**What needs to be done:** The line containing "2 bedroom Block" marks the end: quote every line from the start of the records below through it, word for word.

--*--

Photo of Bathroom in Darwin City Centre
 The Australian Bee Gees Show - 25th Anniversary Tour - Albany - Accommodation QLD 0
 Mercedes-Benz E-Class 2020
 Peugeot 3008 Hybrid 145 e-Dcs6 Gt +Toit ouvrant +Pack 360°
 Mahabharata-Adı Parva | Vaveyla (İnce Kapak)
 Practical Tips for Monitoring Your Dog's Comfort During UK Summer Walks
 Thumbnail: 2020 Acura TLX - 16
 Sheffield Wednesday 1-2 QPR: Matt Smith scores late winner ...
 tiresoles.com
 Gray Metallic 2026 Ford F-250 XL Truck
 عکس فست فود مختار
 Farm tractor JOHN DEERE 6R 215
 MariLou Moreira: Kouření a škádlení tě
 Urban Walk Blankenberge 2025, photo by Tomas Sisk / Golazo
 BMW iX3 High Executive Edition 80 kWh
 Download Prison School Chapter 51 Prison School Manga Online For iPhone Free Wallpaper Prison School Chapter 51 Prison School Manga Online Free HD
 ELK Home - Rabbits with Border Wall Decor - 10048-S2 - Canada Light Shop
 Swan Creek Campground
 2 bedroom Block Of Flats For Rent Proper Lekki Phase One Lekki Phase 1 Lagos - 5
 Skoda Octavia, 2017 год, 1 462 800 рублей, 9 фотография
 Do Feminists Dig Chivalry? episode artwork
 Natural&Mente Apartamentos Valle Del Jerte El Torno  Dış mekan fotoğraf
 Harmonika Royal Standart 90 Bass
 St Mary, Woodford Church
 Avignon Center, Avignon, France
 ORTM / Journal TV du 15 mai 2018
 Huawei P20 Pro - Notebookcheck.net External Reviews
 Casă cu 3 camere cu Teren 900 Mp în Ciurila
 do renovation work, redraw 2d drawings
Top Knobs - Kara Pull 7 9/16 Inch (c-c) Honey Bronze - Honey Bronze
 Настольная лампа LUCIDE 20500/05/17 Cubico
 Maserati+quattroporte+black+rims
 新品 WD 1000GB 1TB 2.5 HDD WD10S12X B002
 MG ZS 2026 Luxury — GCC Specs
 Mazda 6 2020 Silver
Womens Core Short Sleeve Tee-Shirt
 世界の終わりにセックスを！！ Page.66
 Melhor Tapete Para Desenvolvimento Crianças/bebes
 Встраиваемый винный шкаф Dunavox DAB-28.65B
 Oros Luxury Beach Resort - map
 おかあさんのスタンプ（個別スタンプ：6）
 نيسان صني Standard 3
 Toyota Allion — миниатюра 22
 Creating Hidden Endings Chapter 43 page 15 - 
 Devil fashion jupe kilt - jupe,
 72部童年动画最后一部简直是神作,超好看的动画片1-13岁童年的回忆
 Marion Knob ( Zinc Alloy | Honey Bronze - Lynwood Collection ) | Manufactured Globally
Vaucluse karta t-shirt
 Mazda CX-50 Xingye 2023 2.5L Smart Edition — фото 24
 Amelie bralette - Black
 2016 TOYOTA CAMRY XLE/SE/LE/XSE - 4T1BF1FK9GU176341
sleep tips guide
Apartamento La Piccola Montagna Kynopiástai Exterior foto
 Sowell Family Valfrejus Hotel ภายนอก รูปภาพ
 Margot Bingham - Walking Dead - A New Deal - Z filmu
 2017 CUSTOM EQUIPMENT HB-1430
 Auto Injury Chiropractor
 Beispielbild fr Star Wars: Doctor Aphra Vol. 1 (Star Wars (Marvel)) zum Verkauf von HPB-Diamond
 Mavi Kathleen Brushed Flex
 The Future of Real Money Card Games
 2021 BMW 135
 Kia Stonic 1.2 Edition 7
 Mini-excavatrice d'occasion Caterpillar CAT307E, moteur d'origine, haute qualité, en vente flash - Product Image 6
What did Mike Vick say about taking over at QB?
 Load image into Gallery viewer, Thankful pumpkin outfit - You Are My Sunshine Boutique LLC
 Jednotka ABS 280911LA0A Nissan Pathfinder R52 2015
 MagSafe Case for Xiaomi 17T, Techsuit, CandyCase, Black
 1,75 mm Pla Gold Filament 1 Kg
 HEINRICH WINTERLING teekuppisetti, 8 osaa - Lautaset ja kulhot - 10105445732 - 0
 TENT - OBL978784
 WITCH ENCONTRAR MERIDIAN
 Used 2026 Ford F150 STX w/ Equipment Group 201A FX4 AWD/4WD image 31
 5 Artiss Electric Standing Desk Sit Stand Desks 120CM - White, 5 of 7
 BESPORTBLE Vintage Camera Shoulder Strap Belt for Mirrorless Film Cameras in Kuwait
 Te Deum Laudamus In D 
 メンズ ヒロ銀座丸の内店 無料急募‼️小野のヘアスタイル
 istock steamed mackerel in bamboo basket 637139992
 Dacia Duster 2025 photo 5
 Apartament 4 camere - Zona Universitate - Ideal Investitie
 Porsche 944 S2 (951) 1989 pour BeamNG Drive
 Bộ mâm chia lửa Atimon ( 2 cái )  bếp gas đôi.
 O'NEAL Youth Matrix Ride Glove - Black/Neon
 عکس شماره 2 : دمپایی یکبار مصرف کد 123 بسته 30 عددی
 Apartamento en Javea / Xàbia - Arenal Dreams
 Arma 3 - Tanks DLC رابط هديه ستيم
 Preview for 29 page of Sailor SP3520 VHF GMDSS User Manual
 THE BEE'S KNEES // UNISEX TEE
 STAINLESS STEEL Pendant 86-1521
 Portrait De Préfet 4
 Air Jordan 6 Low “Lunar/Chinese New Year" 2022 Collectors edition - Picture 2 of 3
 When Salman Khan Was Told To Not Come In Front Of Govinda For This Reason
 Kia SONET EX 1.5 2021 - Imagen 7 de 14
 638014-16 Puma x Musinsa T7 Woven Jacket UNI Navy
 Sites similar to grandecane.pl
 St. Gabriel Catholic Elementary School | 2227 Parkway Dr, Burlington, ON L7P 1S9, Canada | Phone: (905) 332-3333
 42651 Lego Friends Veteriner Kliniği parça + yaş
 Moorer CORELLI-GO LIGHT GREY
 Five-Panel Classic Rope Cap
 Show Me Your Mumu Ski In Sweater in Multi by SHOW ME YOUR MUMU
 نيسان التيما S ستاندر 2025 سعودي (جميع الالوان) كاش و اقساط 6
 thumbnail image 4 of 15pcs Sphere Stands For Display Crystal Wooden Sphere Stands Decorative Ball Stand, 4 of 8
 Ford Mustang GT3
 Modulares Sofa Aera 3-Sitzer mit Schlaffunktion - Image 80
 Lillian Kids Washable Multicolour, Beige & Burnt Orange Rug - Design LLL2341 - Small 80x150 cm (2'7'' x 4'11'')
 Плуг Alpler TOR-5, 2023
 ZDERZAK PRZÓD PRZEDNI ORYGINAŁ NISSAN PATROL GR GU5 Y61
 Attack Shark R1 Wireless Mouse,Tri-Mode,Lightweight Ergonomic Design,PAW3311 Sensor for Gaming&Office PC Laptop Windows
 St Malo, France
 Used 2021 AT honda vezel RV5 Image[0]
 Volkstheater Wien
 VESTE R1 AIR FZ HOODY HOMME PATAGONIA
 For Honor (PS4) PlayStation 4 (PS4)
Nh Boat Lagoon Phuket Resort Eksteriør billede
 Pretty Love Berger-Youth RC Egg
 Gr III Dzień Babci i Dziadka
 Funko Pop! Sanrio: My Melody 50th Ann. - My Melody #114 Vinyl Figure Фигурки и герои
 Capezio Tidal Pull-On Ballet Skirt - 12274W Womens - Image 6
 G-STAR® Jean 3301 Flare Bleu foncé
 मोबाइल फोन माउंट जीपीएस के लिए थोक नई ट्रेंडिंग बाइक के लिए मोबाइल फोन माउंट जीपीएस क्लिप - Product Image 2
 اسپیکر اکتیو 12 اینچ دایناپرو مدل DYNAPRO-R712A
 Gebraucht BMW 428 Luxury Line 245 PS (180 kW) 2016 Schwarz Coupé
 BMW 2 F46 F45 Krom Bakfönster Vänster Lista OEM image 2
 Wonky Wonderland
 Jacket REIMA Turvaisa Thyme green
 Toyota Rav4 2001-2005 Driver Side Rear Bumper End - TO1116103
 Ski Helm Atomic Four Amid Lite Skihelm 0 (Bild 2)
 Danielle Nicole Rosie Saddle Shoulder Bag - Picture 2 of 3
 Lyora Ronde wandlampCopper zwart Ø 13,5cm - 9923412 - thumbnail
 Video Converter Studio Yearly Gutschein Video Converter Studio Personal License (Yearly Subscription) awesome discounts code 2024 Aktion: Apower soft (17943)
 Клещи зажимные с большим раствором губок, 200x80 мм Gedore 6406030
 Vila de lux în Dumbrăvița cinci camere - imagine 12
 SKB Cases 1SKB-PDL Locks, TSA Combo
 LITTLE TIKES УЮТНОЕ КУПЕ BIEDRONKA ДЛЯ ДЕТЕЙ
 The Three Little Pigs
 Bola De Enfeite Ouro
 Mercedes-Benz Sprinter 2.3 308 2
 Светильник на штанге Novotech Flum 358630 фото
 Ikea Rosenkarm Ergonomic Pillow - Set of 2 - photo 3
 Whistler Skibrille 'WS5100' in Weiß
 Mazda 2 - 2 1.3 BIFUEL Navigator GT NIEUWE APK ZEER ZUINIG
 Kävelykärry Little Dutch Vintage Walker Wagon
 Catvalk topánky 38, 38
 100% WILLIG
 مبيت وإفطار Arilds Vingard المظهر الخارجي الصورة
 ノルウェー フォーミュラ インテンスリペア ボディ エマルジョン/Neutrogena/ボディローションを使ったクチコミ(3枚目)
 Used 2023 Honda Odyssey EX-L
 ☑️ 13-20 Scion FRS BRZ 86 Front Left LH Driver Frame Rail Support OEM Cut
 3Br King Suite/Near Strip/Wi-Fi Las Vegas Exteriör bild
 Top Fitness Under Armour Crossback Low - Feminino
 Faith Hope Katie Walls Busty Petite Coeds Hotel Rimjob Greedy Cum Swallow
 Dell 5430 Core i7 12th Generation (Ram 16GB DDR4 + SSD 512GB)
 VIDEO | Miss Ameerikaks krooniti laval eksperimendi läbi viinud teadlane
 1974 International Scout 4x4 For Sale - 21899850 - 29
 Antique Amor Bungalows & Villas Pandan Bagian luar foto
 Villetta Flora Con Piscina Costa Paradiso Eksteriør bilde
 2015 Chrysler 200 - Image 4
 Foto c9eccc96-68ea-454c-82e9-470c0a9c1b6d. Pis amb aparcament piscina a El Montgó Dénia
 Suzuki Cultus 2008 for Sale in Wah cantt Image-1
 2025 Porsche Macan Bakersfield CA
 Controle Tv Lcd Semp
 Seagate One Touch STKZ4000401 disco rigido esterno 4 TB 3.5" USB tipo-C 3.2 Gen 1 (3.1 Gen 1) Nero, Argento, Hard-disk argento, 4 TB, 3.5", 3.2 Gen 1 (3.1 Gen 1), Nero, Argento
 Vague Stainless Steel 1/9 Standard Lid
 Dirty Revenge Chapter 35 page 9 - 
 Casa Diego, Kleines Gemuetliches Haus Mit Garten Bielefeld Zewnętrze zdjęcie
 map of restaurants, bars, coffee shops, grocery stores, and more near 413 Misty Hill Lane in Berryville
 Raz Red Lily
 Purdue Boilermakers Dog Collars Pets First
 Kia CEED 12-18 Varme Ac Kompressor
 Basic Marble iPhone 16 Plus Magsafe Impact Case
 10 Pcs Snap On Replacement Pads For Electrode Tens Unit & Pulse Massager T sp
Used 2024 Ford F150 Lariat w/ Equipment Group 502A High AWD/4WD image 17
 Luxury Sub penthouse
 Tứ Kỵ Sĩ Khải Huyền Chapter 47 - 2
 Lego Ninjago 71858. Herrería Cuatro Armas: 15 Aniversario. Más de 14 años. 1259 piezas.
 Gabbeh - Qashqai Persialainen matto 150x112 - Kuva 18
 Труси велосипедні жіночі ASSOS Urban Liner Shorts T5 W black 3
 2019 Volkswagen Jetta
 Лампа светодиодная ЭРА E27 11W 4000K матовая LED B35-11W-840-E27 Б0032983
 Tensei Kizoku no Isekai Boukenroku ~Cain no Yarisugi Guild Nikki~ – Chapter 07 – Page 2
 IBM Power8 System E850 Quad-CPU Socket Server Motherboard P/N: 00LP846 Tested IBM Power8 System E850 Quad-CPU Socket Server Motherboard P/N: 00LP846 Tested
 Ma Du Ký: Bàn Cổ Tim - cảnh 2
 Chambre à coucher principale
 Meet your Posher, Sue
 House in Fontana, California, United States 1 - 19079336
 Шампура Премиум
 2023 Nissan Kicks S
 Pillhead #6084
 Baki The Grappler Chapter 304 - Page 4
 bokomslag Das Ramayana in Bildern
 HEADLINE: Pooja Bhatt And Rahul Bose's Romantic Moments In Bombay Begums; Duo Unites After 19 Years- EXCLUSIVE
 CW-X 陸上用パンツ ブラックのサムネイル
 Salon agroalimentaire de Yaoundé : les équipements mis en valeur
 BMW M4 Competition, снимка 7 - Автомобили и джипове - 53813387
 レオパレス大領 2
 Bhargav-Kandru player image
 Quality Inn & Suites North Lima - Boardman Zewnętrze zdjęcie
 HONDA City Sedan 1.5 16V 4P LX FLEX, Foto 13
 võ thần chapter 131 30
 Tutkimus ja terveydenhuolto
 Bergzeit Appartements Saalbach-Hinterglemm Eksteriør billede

--*--

**Solution below:**
Photo of Bathroom in Darwin City Centre
 The Australian Bee Gees Show - 25th Anniversary Tour - Albany - Accommodation QLD 0
 Mercedes-Benz E-Class 2020
 Peugeot 3008 Hybrid 145 e-Dcs6 Gt +Toit ouvrant +Pack 360°
 Mahabharata-Adı Parva | Vaveyla (İnce Kapak)
 Practical Tips for Monitoring Your Dog's Comfort During UK Summer Walks
 Thumbnail: 2020 Acura TLX - 16
 Sheffield Wednesday 1-2 QPR: Matt Smith scores late winner ...
 tiresoles.com
 Gray Metallic 2026 Ford F-250 XL Truck
 عکس فست فود مختار
 Farm tractor JOHN DEERE 6R 215
 MariLou Moreira: Kouření a škádlení tě
 Urban Walk Blankenberge 2025, photo by Tomas Sisk / Golazo
 BMW iX3 High Executive Edition 80 kWh
 Download Prison School Chapter 51 Prison School Manga Online For iPhone Free Wallpaper Prison School Chapter 51 Prison School Manga Online Free HD
 ELK Home - Rabbits with Border Wall Decor - 10048-S2 - Canada Light Shop
 Swan Creek Campground
 2 bedroom Block Of Flats For Rent Proper Lekki Phase One Lekki Phase 1 Lagos - 5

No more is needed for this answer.